# Picking right polyester shirt for screening



## kaycour (May 12, 2016)

With todays new technology, some polyester shirts are no good for screen printing. Is there a way to spot these kind of shirts when you are ordering shirts?
Secondly, should the distributor be informing customers at the time they order shirts about bad polyester shirts? Thirdly should the distributor be held responsible for selling bad polyester shirts to screen shops?


----------



## johnchesley (Jan 26, 2008)

If you are referring to the bleeding problems from dye migration, I share your frustration.
There are a few suggestions to ease the PAIN. #1- Yes, explain to the customers about the possibility of dye migration and what it is. #2- Make sure you are using inks that are poly friendly. This means that the ink has dye blockers to help minimize dye migration. # 3- and this is the most important... consider SanMar's posicharge shirts. They are made with a positve/negitive charge of the shirt/dye. This is a huge help in stopping dye migration.
Now, please allow me a soap box moment to vent my frustrations about 100% polyester products in general. 1- These products are advertised that they keep a person cooler. Bullfeathers! They WILL keep you dryer because they WON"'T absorb moisture. The moisture has no place to go except to the outside of the shirt, where it does evaporate quickly. However, if you think wearing a plastic shirt with holes in it is cooler, well I have a bridge I would like to sell you. 2- They snag like crazy. 3- Those which claim to control odors do so by adding aluminum or silver to their products, which increases estrogen. So, if you have been wondering why your titties are getting bigger and you are more emotional than you used to be, perhaps you want to consider this.
Personally, I am surprised that the bottom feeder lawyers haven't been on late night TV advertising lawsuits against the manufacturers of these products.
While all of this venting is meant to be "tongue in cheek", I believe everything I have written is accurate. If not, someone please offer evidence to refute this.
Best Wishes for a Cooler, Polyester free summer.


----------



## 8th Day (Jan 16, 2009)

johnchesley said:


> If you are referring to the bleeding problems from dye migration, I share your frustration.
> There are a few suggestions to ease the PAIN. #1- Yes, explain to the customers about the possibility of dye migration and what it is. #2- Make sure you are using inks that are poly friendly. This means that the ink has dye blockers to help minimize dye migration. # 3- and this is the most important... consider SanMar's posicharge shirts. They are made with a positve/negitive charge of the shirt/dye.

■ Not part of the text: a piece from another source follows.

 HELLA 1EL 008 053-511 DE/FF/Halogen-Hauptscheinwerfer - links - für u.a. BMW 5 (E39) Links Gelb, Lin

This is a huge help in stopping dye migration.


#4 -Dye Sublimation.



johnchesley said:


> Now, please allow me a soap box moment to vent my frustrations about 100% polyester products in general. 1- These products are advertised that they keep a person cooler. Bullfeathers! They WILL keep you dryer because they WON"'T absorb moisture. The moisture has no place to go except to the outside of the shirt, where it does evaporate quickly. However, if you think wearing a plastic shirt with holes in it is cooler, well I have a bridge I would like to sell you.

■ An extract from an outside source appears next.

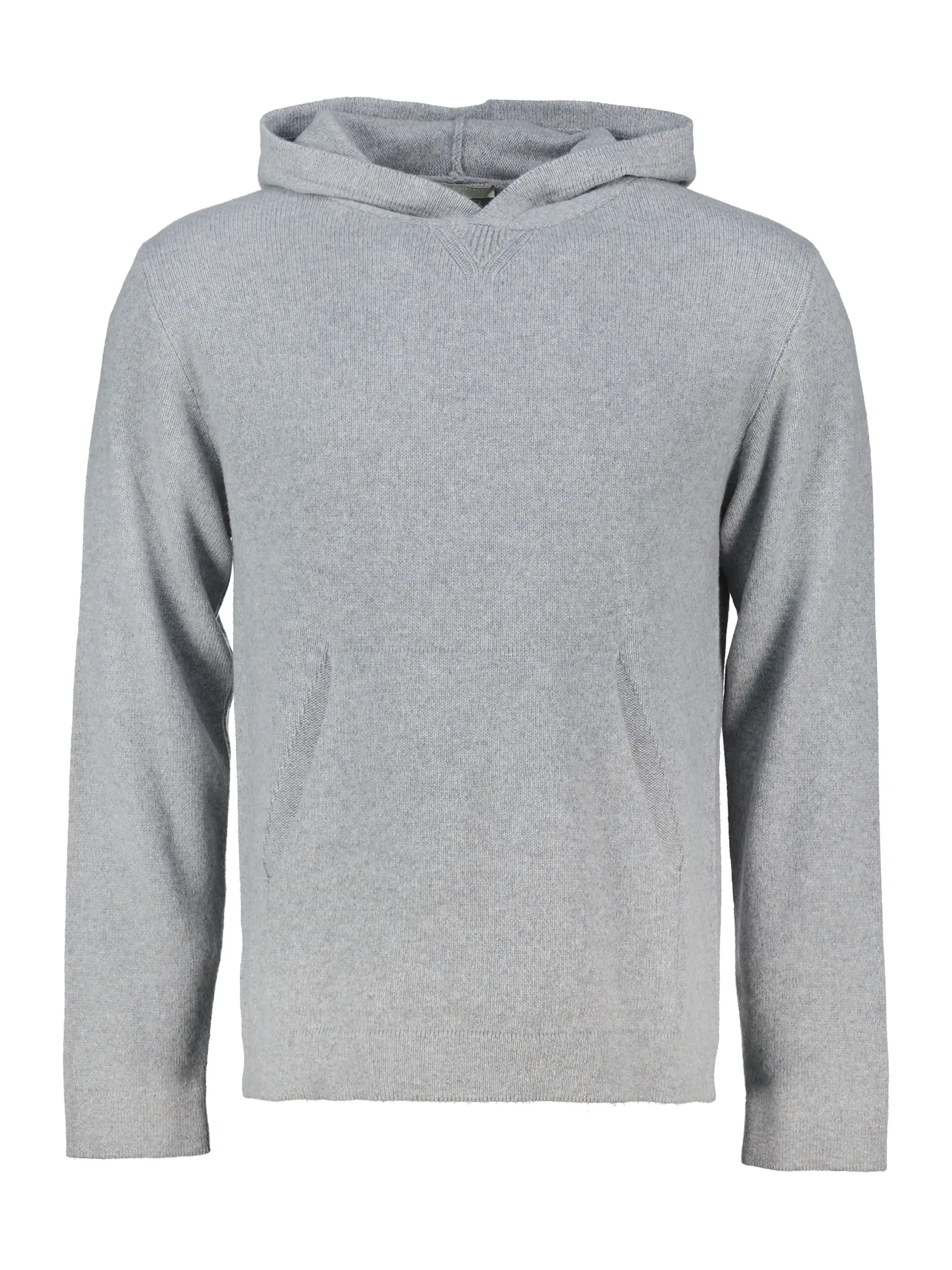 Kapuzenpullover aus Kaschmir langarm - Artikel Vorderseite - Farbe: Grau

...it's a wonder then why nearly all sports apparel and high end golf/sports shirts are made from the stuff, eh? 



johnchesley said:


> 2- They snag like crazy.


It more depends upon how they are woven. A jersey knit poly T is not any more likely to snag than a jersey knit cotton T.



johnchesley said:


> 3- Those which claim to control odors do so by adding aluminum or silver to their products, which increases estrogen. So, if you have been wondering why your titties are getting bigger and you are more emotional than you used to be, perhaps you want to consider this.


lol oh man...

I would be more worried about the effects of plastisol and screen cleaners on your health than polyester. If your "titties are getting bigger[sic]" your diet is a more likely suspect than your clothing.


----------



## johnchesley (Jan 26, 2008)

To 8th day...
You are a hoot man. I enjoyed your post, however I thought kaycour, (the originator of this thread), was referring to problems with screen printing plastisol on poly shirts. Of course I could be wrong. 
As far as the snagging issues, I respectfully disagree. While there are some "snag resistant" poly shirts, the largest majority that I have come across DO snag much more easily than cotton shirts.
Next, about the estrogen issues... I agree that it is indeed a wonder that many high end polos are made with 100% polyester. That is what disturbs me so much. I also read somewhere that China has a virtual stranglehold on the entire polyester fabric market worldwide. That disturbs me also. I wish I could remember where I saw this info, but alas, I can't. Anyway, Best wishes to you and your business.
I enjoyed your post.


----------